Collected data entries:
__________

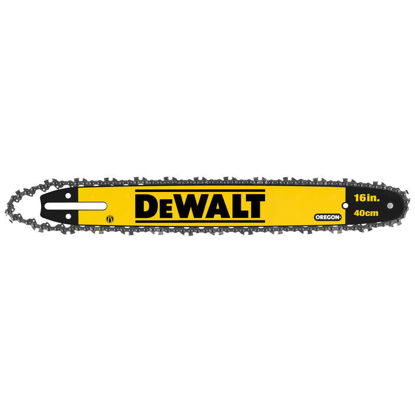 DeWalt DT20660 Svärd + Sågkedja 40cm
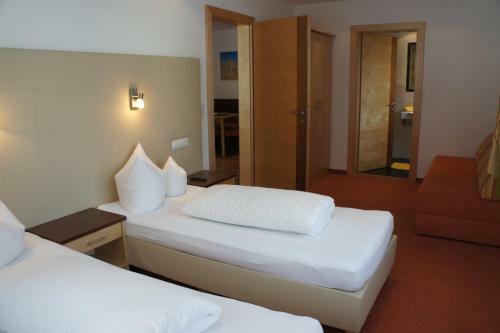 Apartamento Alpinea Appartements
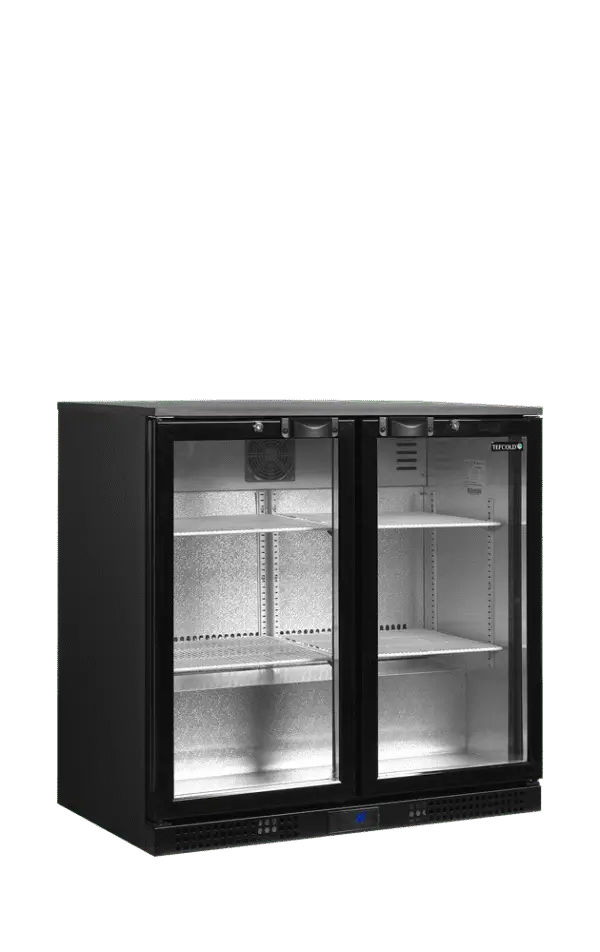 TEFCOLD DB201H Back Bar Cooler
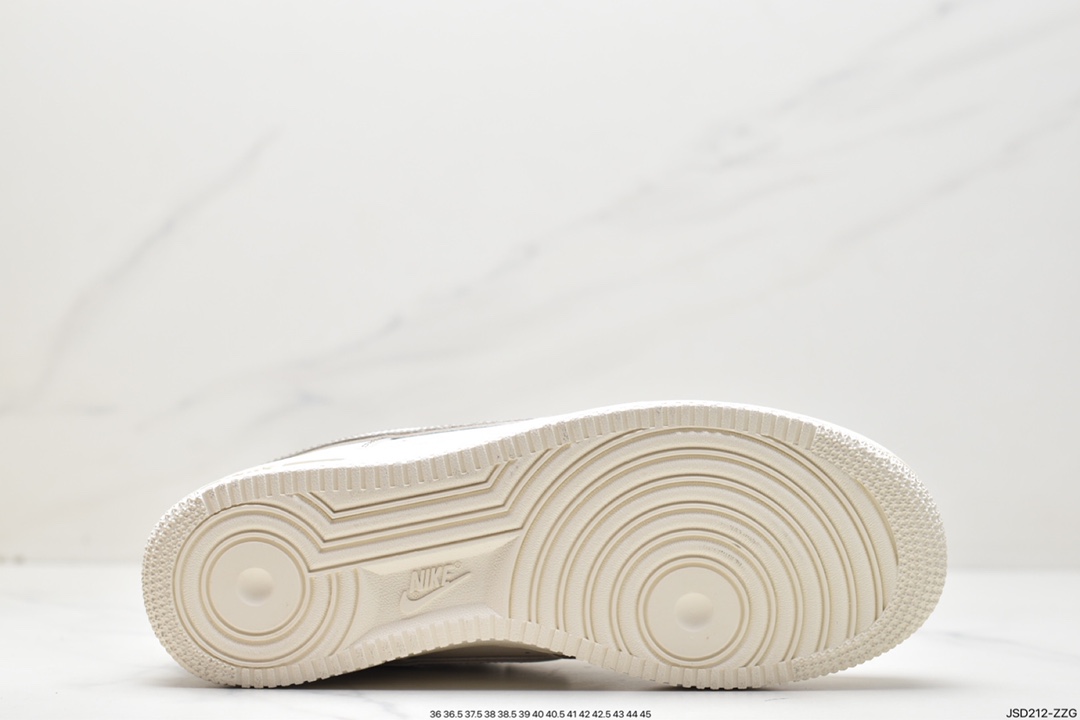 200 Nike Air Force 1 空军一号 315122-808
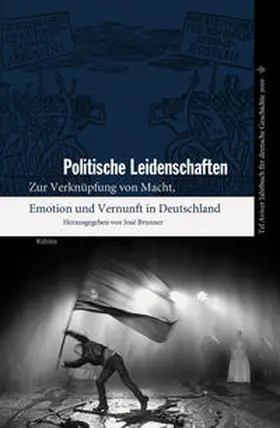 Brunner |  Politische Leidenschaften | Buch |  Sack Fachmedien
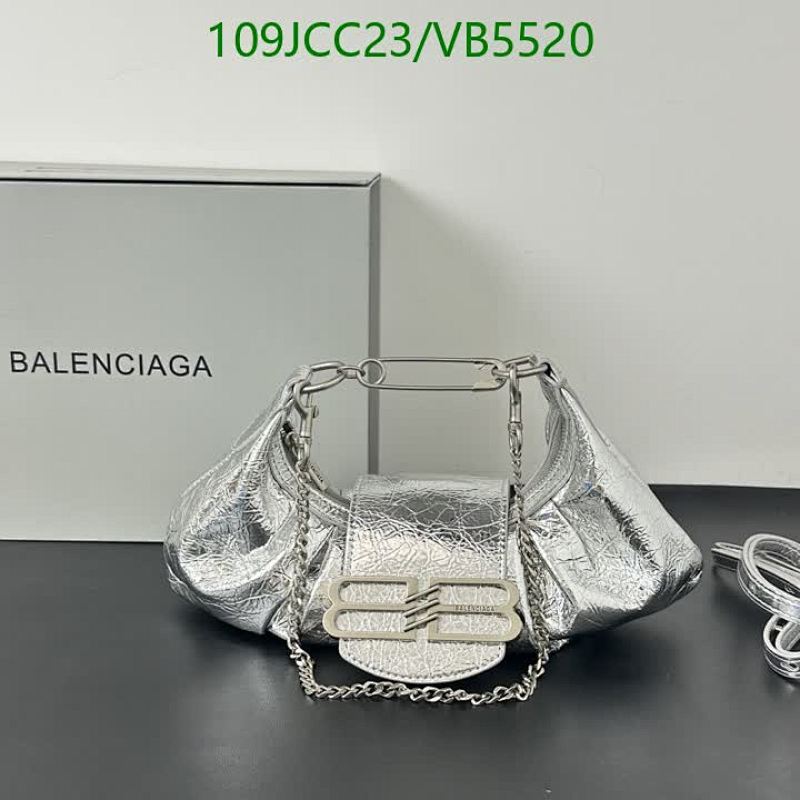 Balenciaga-Bag-4A Quality Code: VB5520 $: 109USD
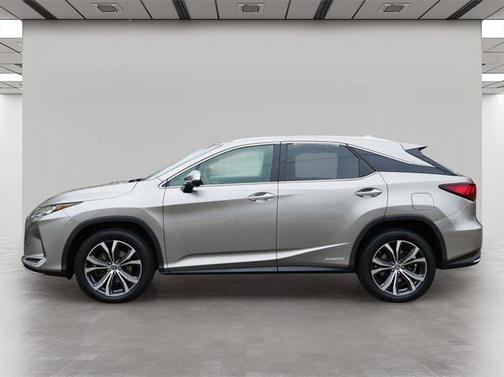 2020 Lexus RX 450h Base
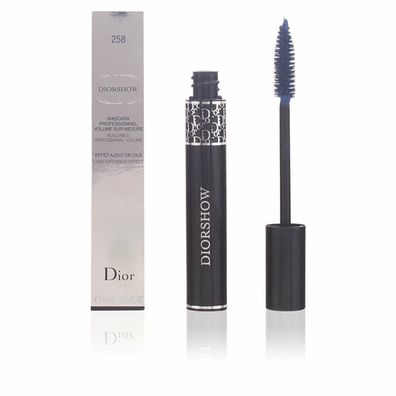 C. Dior Diorshow Mascara Buildable Profess. Volume 10ml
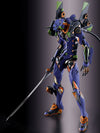 Evangelion - Metal Build Eva-01 Test Type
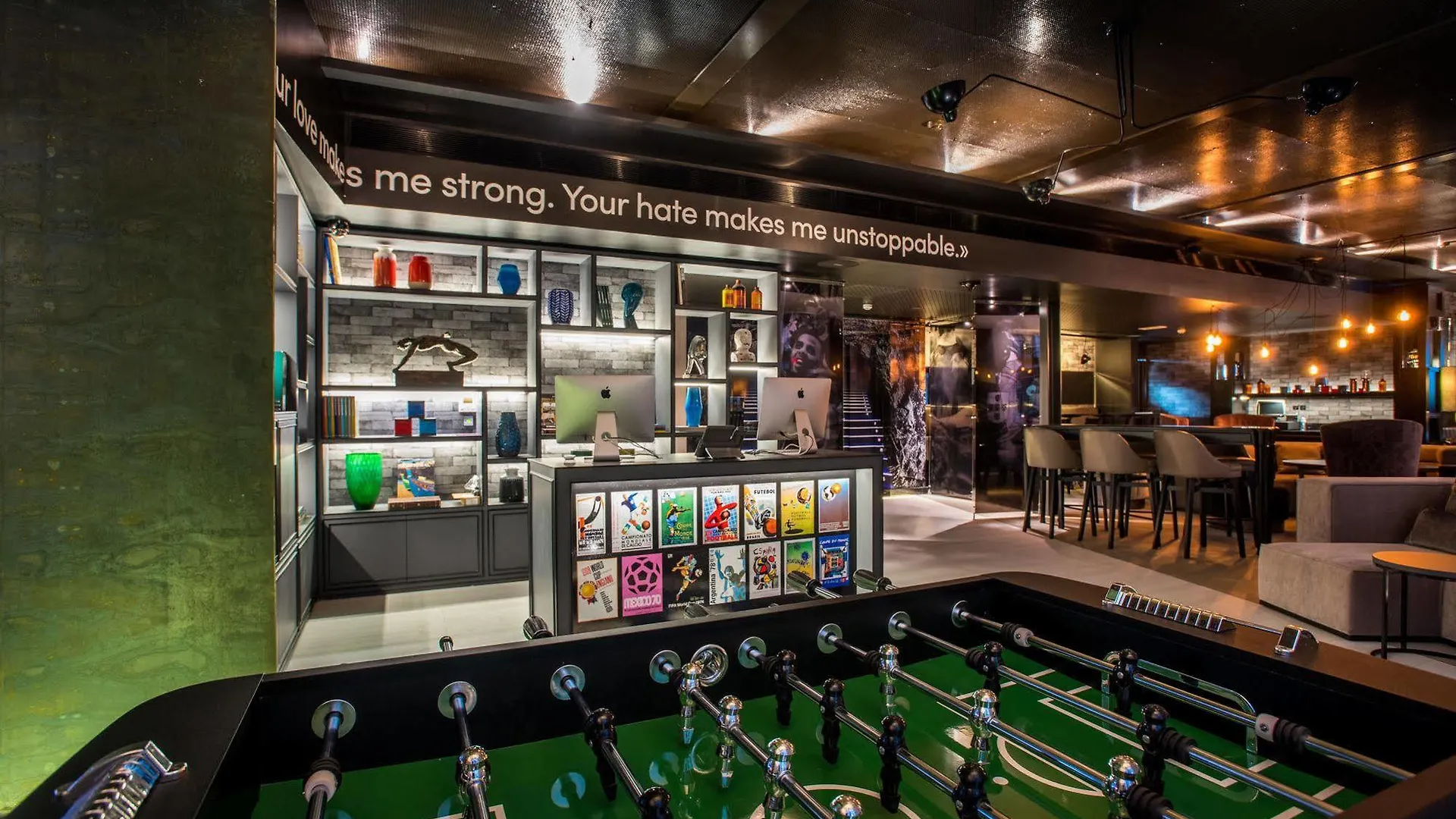 Hotel Pestana Cr7 Lisboa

__________

* **Problem requirements**
Pictures must be left out of the answer, which should be exactly the lines from the one holding "TEFCOLD DB201H Back Bar Cooler" through the last line of the entries above, both included; please add nothing.

* **Solution for this exercise**
 TEFCOLD DB201H Back Bar Cooler
 200 Nike Air Force 1 空军一号 315122-808
 Brunner |  Politische Leidenschaften | Buch |  Sack Fachmedien
 Balenciaga-Bag-4A Quality Code: VB5520 $: 109USD
 2020 Lexus RX 450h Base
 C. Dior Diorshow Mascara Buildable Profess. Volume 10ml
 Evangelion - Metal Build Eva-01 Test Type
 Hotel Pestana Cr7 Lisboa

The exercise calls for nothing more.